Launch a live server to run all of these notebooks live using binder
The material here is a compilation of concepts, practices, and tools that I've found useful for doing data analysis in Python. Most of it relates to writing code but some is about basic project structure and tools. While Python is a flexible and powerful open-source programming language, data analysis can be difficult to do with only the built-in functions. Many of the tools I'll cover here are packages that provide additional functionality for numeric computation, data import/export, data manipulation, and visualization.
Excel is easy because it only requires double-clicking on a file to open it and start working. We have to do some more work to get started working in Python but it will be worth the extra effort.
If you haven't already done so, download and install the Anaconda distribution of Python 3.6. Anaconda provides a base installation with most packages needed for data analysis and a few extra useful tools. If you don't already have a preferred text editor you can use Spyder, which comes with the Anaconda installation.

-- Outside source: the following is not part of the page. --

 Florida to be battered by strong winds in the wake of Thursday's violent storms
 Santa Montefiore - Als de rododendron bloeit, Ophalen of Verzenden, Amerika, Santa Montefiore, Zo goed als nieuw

If you already have Python 3.6 and don't want the whole Ananconda installation go ahead and just download/install Miniconda. Installation instructions are here.
We will be using conda, which is a package management system and environment management system that comes with the Anaconda distribution. There are other Python package management systems - like pip - and you may run across packages that can be installed with pip and not conda. But conda has significant advantages for managing numeric/scientific packages so it will be our primary management system.
In addition to packages, conda also manages isolated environments. Each environment has its own installation of Python and any packages you choose to install. Working in these isolated environments lets you maintain specific package versions for each project. I highly recommend using a new environment for each project you work on.
Useful links:
- Overview of conda
- Blog post by Jake VanderPlas on conda, pip, and virtualenv
We will be using files in this GitHub repository. If you have git installed and know how to use it, simply clone this repository.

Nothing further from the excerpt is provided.